Paris, May 1969. Irish diplomat Marty Ransom is summoned to meet Charles J. Haughey. The Irish Minister for Finance wants a go-between with the new IRA faction in the North: he knows a key player is Marty’s cousin Ignatius. He has no idea Marty is reporting to MI5 in Dublin. As the deadly endgame draws near, Marty must choose between the past and all he holds dear.
John Banville has described Acts of Allegiance as "a wonderful brew of a book about politics, family, violence, love, betrayal – life, in other words".
About the author
Peter Cunningham comes from Waterford. He was educated at Glenstal Abbey School and University College Dublin. He worked as an accountant and a commodities trader until 1986, when his first novel, Noble Lord, was published under the pseudonym Peter Lauder.

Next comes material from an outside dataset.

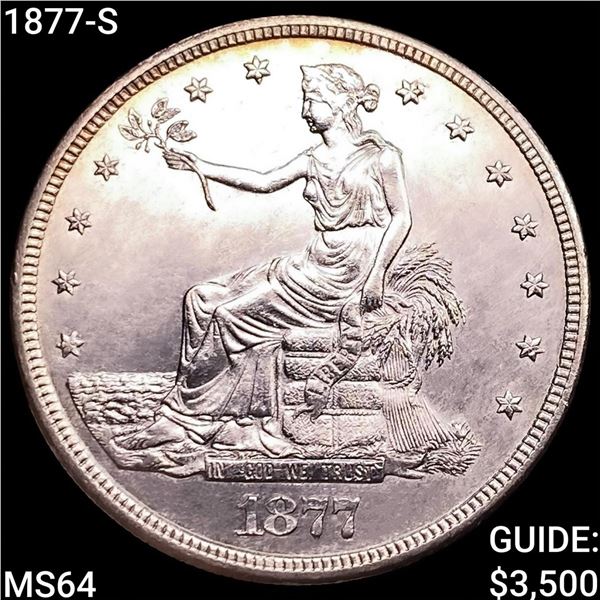 1877-S Silver Trade Dollar CHOICE BU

Following the death in 1990 of his eldest son, also Peter, he began to write the "Monument" series of contemporary novels based on life in Waterford.
Consequences of the Heart (1998) was shortlisted for the Listowel Writers Prize; The Sea and the Silence (2007) won the Prix de l’Europe. The Taoiseach (2003) was a best seller set in the world of Irish politics, and Capital Sins (2010) was a satire set in the economic meltdown.
Sister Caravaggio (2014), conceived with the late Maeve Binchy, and written as a collaborative novel with four other well-known Irish writers, was also a best seller.